INFO (output) INTEGER
= 0: successful exit
< 0: if INFO = -i, the i-th argument had an illegal value
> 0: if INFO = i, the (i,i) element of the factor U or L is
zero, and the inverse could not be computed.
FURTHER DETAILS
We first consider Rectangular Full Packed (RFP) Format when N is even.

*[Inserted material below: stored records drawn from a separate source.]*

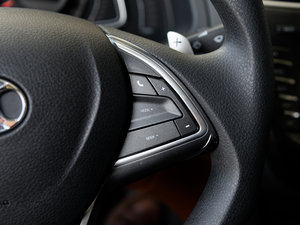 20151.8T ԄӾӢ п؅^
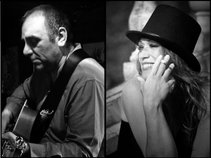 acoustic spirit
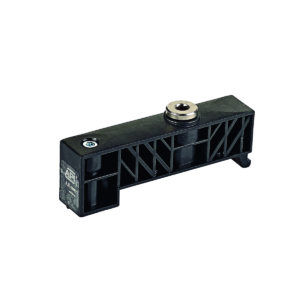 Feeding Module for Internal Piloting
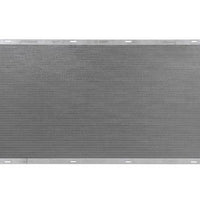 RADIATOR (13396) 1500 4.3L V6 AT (W/O TOW)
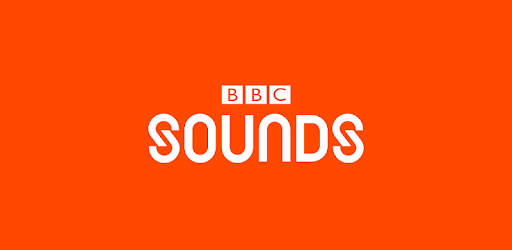 BBC Sounds: Radio & Podcasts cover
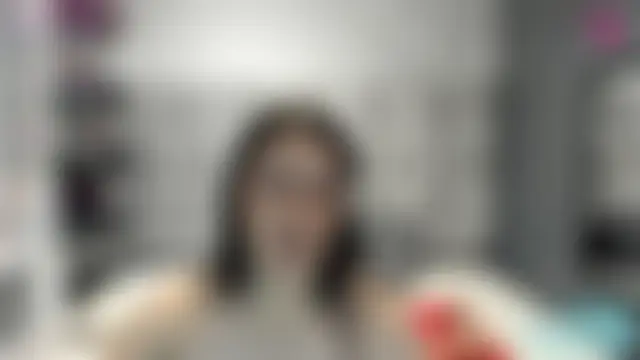 Barbara_fox__ লাইভ XXX চ্যাট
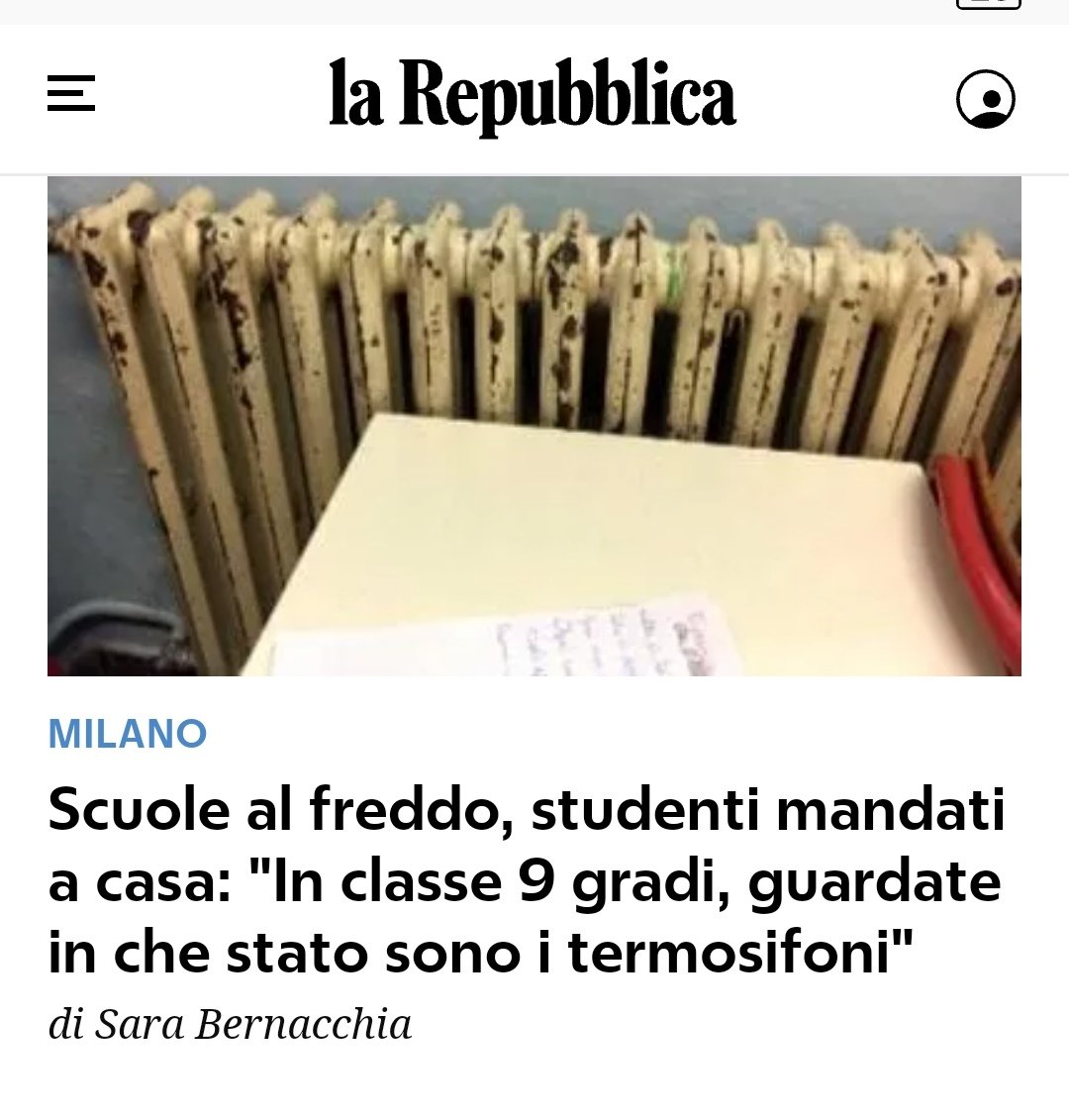 EugenioCardi tweet picture
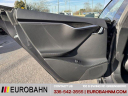 Thumbnail image of 2019 Tesla Model S at EurobahnBmwMiniMercedesBenz of Greensboro, NC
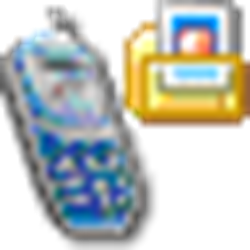 MMMB(手机资源管理器) v3.5.3 简体中文版
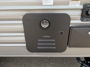 water-heater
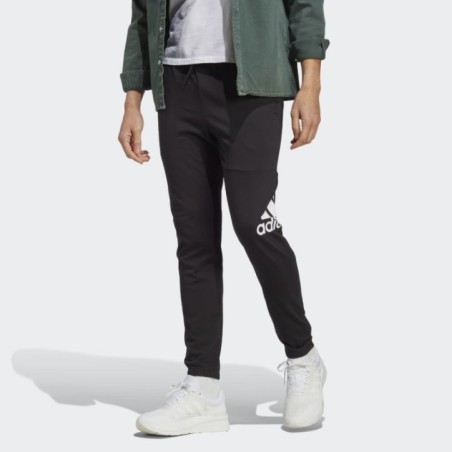 Adidas Pantalon Ess Logo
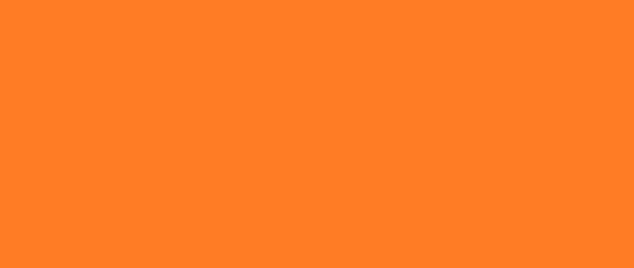 hin-orange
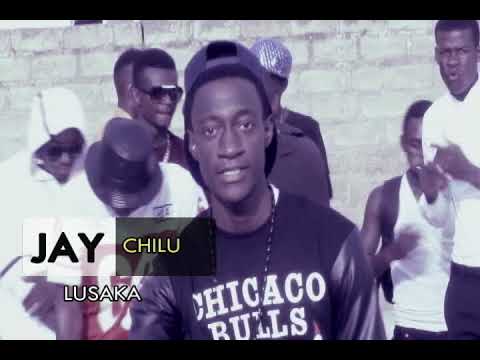 Cypher BORN and BRED  lsk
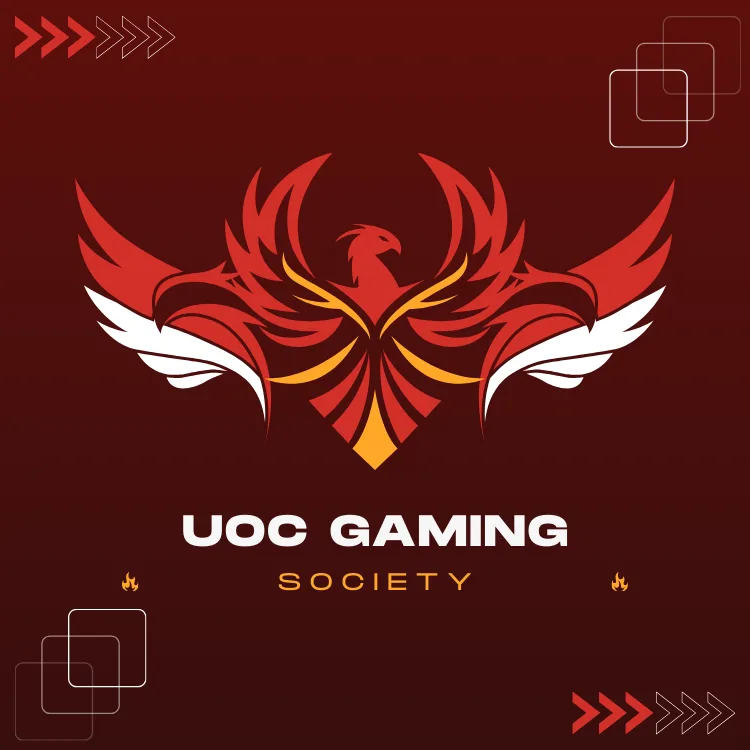 uni-logo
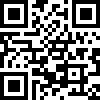 https://khabaronline.ir/xfvWZ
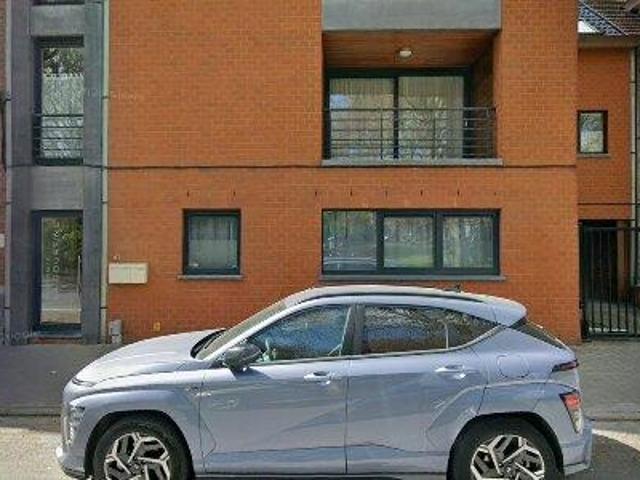 Appartement location à Brunehaut, Wallonie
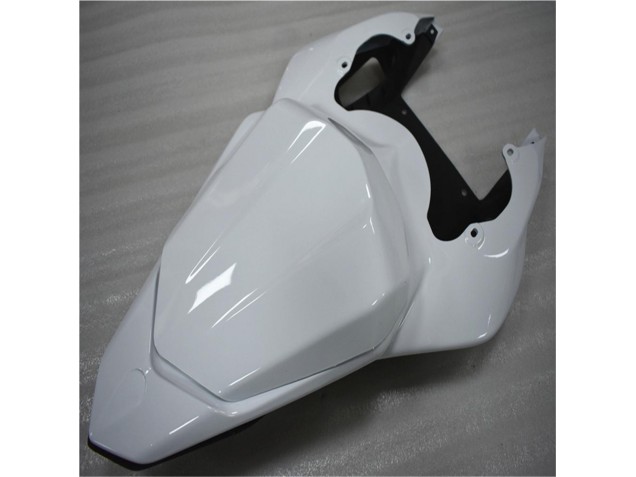Rosso Bianco Nero Kit Carena & Plastica Yamaha R6 2006-2007 Rosso Bianco Nero Kit Carena & Plastica Yamaha R6 2006-2007
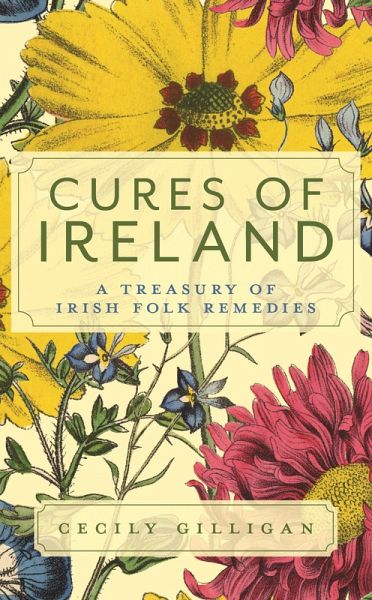 Cures of Ireland Cures of Ireland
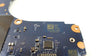 Dell Latitude 7480 I7-7600U 2.80GHz Laptop Motherboard F48ND 0F48ND LA-E131P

We give an example where N = 6.
AP is Upper AP is Lower
00 01 02 03 04 05 00
11 12 13 14 15 10 11
22 23 24 25 20 21 22
33 34 35 30 31 32 33
44 45 40 41 42 43 44
55 50 51 52 53 54 55
Let TRANSR = 'N'. RFP holds AP as follows:
For UPLO = 'U' the upper trapezoid A(0:5,0:2) consists of the last
three columns of AP upper. The lower triangle A(4:6,0:2) consists of
the transpose of the first three columns of AP upper.
For UPLO = 'L' the lower trapezoid A(1:6,0:2) consists of the first
three columns of AP lower. The upper triangle A(0:2,0:2) consists of
the transpose of the last three columns of AP lower.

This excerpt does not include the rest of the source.